Hadeed reveals what is present in the full soul of a photographer whose identity is born of necessity. For this, she devoutly practices the art of revealment in committing her vision to the people of the Caribbean and Latin America. For this, she offers the uncensored acts she lovingly collects. Through her photography, Hadeed carefully arranges an ownership of these events, dedicated to what can be retrieved through the lens and made solid by the print. To her, it is a private act, offered to those she loves and honors. It provides her with a sustaining balance of purpose and power. It succeeds in lifting her up, as we too rise when experiencing her work. From this positioning, we see more clearly, and in doing so, we are brought closer to what may be believed in others.

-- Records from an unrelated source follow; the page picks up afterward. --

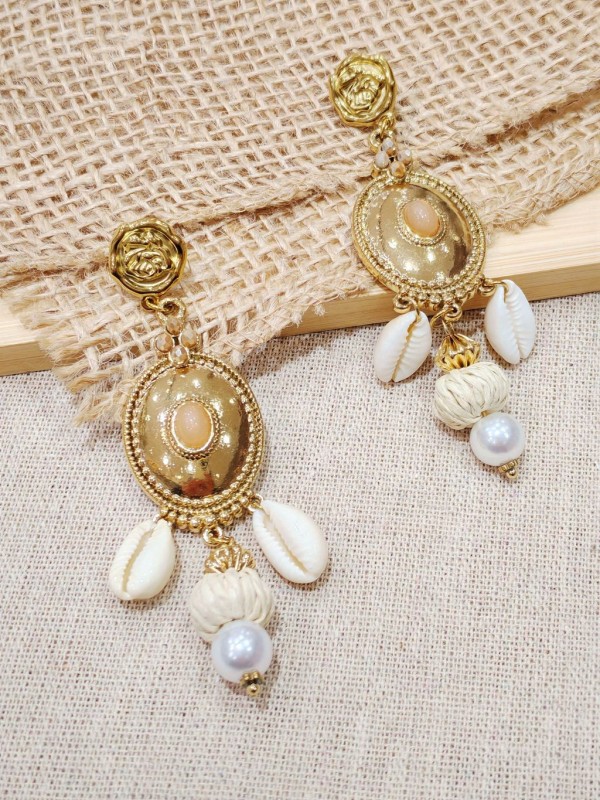 Boucles d'oreilles acier inoxydable E499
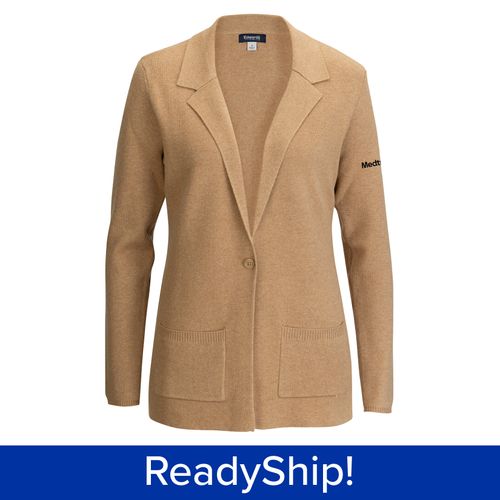 Women's Knit Sweater Blazer image thumbnail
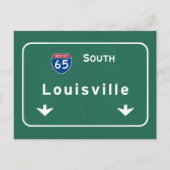 Louisville Kentucky Interstate Highway Freeway Briefkaart (Voorkant)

Her photographs depict longings made visible. Of things tattered by time and experience, and that defy proper description. They are the chronicles of faces made clear by a photographer’s love and devotion of purpose. They are the unexpected discoveries of Hadeed’s incessant wanderings, through the massive evidence that confirms life and death. They teach us what reality cannot, and in doing so, relinquish those fine details delicately woven within us.

©2007 Don Gregorio Antón

Abigail Hadeed lives in Trinidad. Hadeed’s residency was sponsored by Autograph ABP, located in London. She participated in Light Work’s Artist-in-Residence program in June 2006.

Don Gregorio Antón is a professor of art at Humboldt State University in Arcata, CA. He participated in Light Work’s Artist-in-Residence program in June 2006.